La parure des Mauresses ne consiste pas seulement dans le henné. Notre fiancée se fit aussi coiffer : ses cheveux, enduits d’une pommade faite avec du beurre, du girofle pilé et de l’eau, furent mis en tresses qui lui retombaient sur les épaules, et garnies de boules d’ambre, de corail et de verroteries de diverses couleurs. C’était la première fois que je voyais une Mauresse ainsi parée.

A la fin du jour, je cherchai l’amant ; un jeune Maure m’accompagna. Nous le rencontrâmes près du camp : je crus qu’il se rendrait directement chez sa future ; mais au contraire, il évita de passer devant sa tente, et alla chez un de ses amis. Je lui en témoignai mon étonnement ; il me dit qu’il évitait de voir ceux qui allaient devenir ses parens. Nous eûmes sur ce sujet une conversation très étendue ; en voici le résumé.

 Lorsqu’un jeune homme devient amoureux d’une fille et qu’il veut l’épouser, il cherche en secret à obtenir son consentement. Dès qu’il en est assuré, il charge un marabout de négocier les conditions du mariage avec les parens de la fille; celui-ci convient des présens que devra faire le prétendu, du nombre de bœufs qu’il donnera à sa belle mère, etc. Quand les conditions sont réglées, le négociateur en instruit les autres marabouts, lorsqu’ils se réunissent à la prière et en présence de l’amant. Dès ce moment, il est privé pour toujours de voir le père et la mère de celle qui doit être son épouse ; il a grand soin de les éviter; ceux-ci, quand ils aperçoivent leur gendre futur, se couvrent la figure ; enfin, de part et d’autre, les liens de l’amitié semblent rompus : coutume bizarre dont j’ai en vain tâché de découvrir la source; on m’a toujours répondu : C’est l’usage.

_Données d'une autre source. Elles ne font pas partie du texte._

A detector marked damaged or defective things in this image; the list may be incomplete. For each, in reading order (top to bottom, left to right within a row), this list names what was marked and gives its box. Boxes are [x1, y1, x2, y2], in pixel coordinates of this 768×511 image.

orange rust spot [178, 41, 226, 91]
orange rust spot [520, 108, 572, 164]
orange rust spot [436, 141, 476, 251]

 Il serait pénible de penser qu’une alliance détruisît les sentimens d’amitié et d’estime entre les familles ; c’est ce dont je cherchai à m’assurer avec le plus grand soin. Je parlais quelquefois d’un gendre à son beau-père, et réciproquement : j’ai toujours remarqué que l’indifférence n’était que feinte; ils conservent les mêmes sentimens d’affection, et tâchent au contraire, dans la conversation, de rehausser le mérite l’un de l’autre.

 Cet usage ne concerne pas seulement les parens ; mais quand l’amant est d’un camp étranger, il se cache à tous les habitans, excepté à quelques amis intimes, chez lesquels il lui est permis d’aller. On lui fait ordinairement une petite tente sous laquelle il se tient renfermé toute la journée ; et lorsqu’il est obligé de sortir ou de traverser le camp, il se couvre le visage.

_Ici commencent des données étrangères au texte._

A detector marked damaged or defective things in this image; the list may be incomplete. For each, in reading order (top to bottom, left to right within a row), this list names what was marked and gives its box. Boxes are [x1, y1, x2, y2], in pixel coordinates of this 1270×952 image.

Il ne peut voir sa future pendant le jour ; ce n’est que la nuit, quand tout le monde repose, qu’il se glisse dans la tente qu’elle habite, y passe la nuit avec elle, et ne s’en sépare qu’à la pointe du jour. Cette manière peu décente de faire l’amour dure un ou deux mois ; puis le mariage est célébré par un marabout. La mère de la mariée donne une fête ; elle tue un bœuf, si elle en a les moyens ; puis fait faire beaucoup de couscous et de sanglé pour régaler les convives, qui sont toujours nombreux. Les femmes se réunissent autour de la jeune épouse, chantent ses louanges, et se divertissent toute la journée. Je ne les ai jamais vues danser.

 Les hassanes ne s’assujettissent pas à l’usage de se cacher des parens; ils continuent de se voir après comme avant le mariage. Leurs fêtes sont aussi plus gaies et plus brillantes; ils y admettent les guéhués. Enfin, quels que soient les usages dans l’une ou l’autre classe, la femme y est soumise, comme son mari, envers les parens de ce dernier.

 Lorsque le mariage est célébré, si le mari possède un chameau, il peut emmener de suite sa femme : alors sa belle-mère se charge de l’équipement de la monture; elle fournit le berceau et le tapis qui le recouvre; elle pare sa fille de ses plus beaux ornemens, lui donne une natte pour se coucher, et une couverture en peau de mouton; le mari conduit le chameau, et se tient la figure cachée jusqu’à ce qu’il soit hors du camp. S’il n’a point de chameau, il laisse son épouse dans le camp jusqu’à ce qu’il en ait acquis un; car ce serait un grand déshonneur pour une femme de se rendre au camp de son mari montée sur un bœuf. Quelquefois il se fixe dans le camp de sa femme; alors il fait venir ses troupeaux, devient habitant du camp, et cesse de se cacher.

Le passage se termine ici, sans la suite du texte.